Affine transformation algorithm

Question

Does anyone know of any standard algorithms to determine an affine transformation matrix based upon a set of known points in two co-ordinate systems?

Answer 1

I'm not sure how standard it is, but there is a nice formula especially for your case presented in "Beginner's guide to mapping simplexes affinely" and "Workbook on mapping simplexes affinely". Putting it into code should look something like this (sorry for bad codestyle -- I'm mathematician, not programmer)

import numpy as np
# input data
ins = [[1, 1, 2], [2, 3, 0], [3, 2, -2], [-2, 2, 3]]  # <- points
out = [[0, 2, 1], [1, 2, 2], [-2, -1, 6], [4, 1, -3]] # <- mapped to
# calculations
l = len(ins)
B = np.vstack([np.transpose(ins), np.ones(l)])
D = 1.0 / np.linalg.det(B)
entry = lambda r,d: np.linalg.det(np.delete(np.vstack([r, B]), (d+1), axis=0))
M = [[(-1)**i * D * entry(R, i) for i in range(l)] for R in np.transpose(out)]
A, t = np.hsplit(np.array(M), [l-1])
t = np.transpose(t)[0]
# output
print("Affine transformation matrix:\n", A)
print("Affine transformation translation vector:\n", t)
# unittests
print("TESTING:")
for p, P in zip(np.array(ins), np.array(out)):
  image_p = np.dot(A, p) + t
  result = "[OK]" if np.allclose(image_p, P) else "[ERROR]"
  print(p, " mapped to: ", image_p, " ; expected: ", P, result)

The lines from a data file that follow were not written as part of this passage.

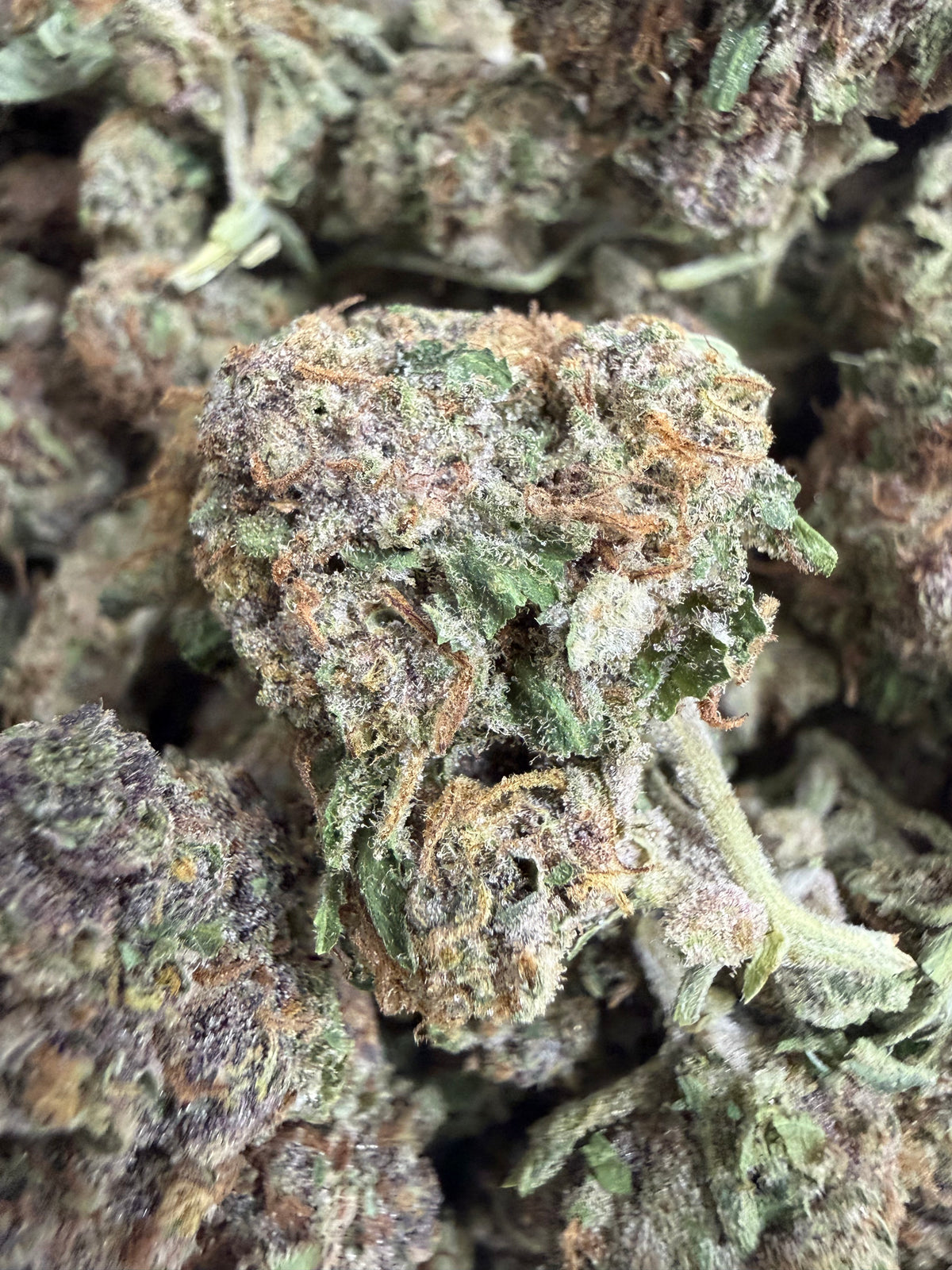 1 Pound - CANDY SHERB THCA Flower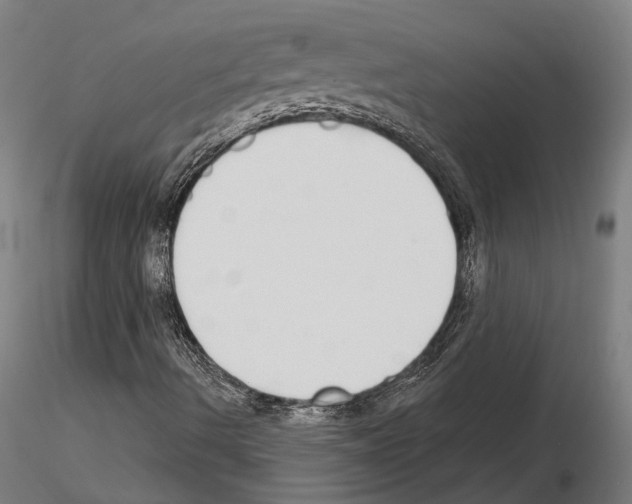 X0000115111490200912081309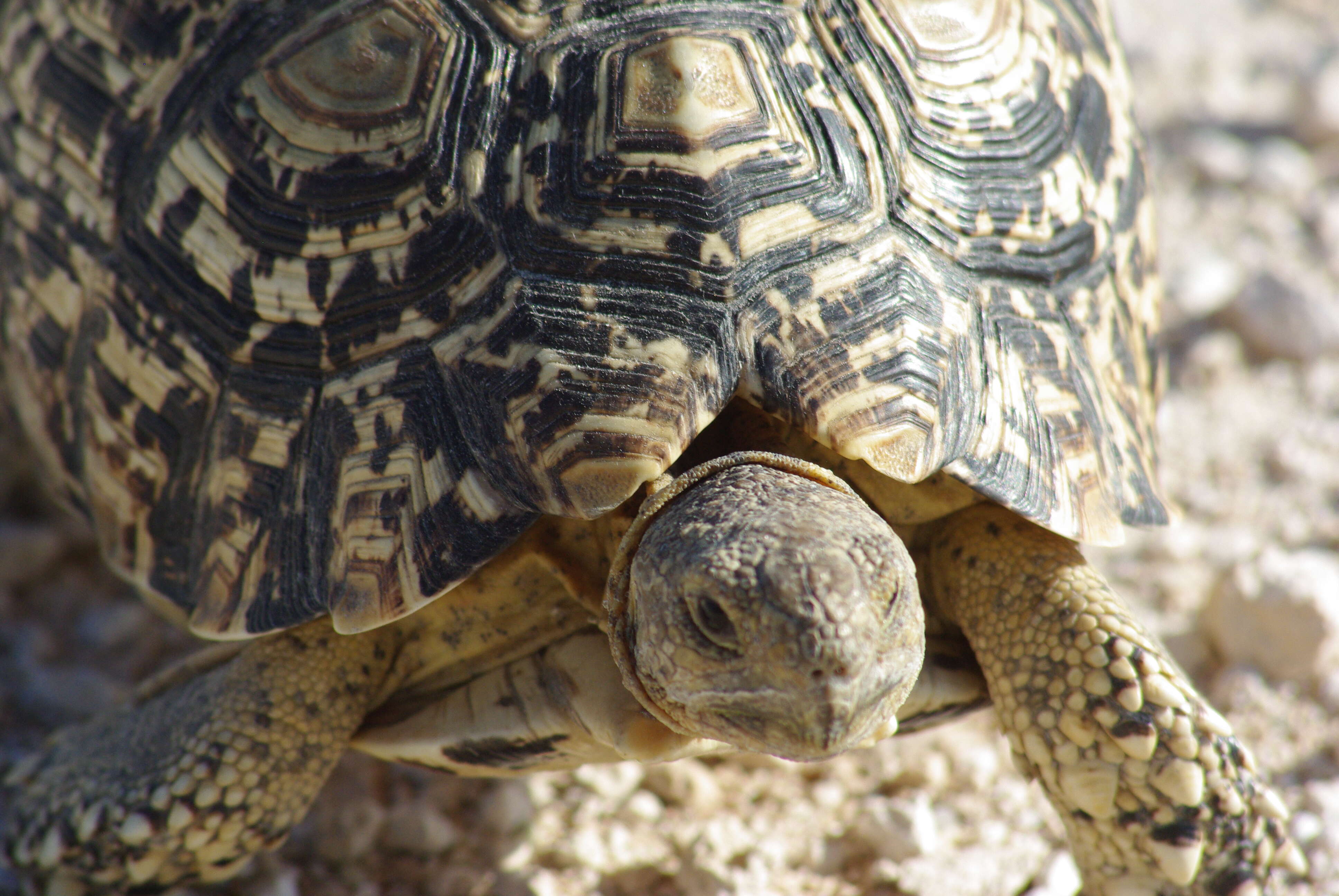 Image of Stigmochelys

This code recovers affine transformation from given points ("ins" transformed to "outs") and tests that it works.

Answer 2

Affine transformations are given by 2x3 matrices. We perform an affine transformation M by taking our 2D input (x y), bumping it up to a 3D vector (x y 1), and then multiplying (on the left) by M.

So if we have three points (x1 y1) (x2 y2) (x3 y3) mapping to (u1 v1) (u2 v2) (u3 v3) then we have

   [x1 x2 x3]   [u1 u2 u3]
M  [y1 y2 y3] = [v1 v2 v3].
   [ 1  1  1]

You can get M simply by multiplying on the right by the inverse of

[x1 x2 x3]
[y1 y2 y3]
[ 1  1  1].

A 2x3 matrix multiplied on the right by a 3x3 matrix gives us the 2x3 we want. (You don't actually need the full inverse, but if matrix inverse is available it's easy to use.)

Easily adapted to other dimensions. If you have more than 3 points you may want a least squares best fit. You'll have to ask again for that, but it's a little harder.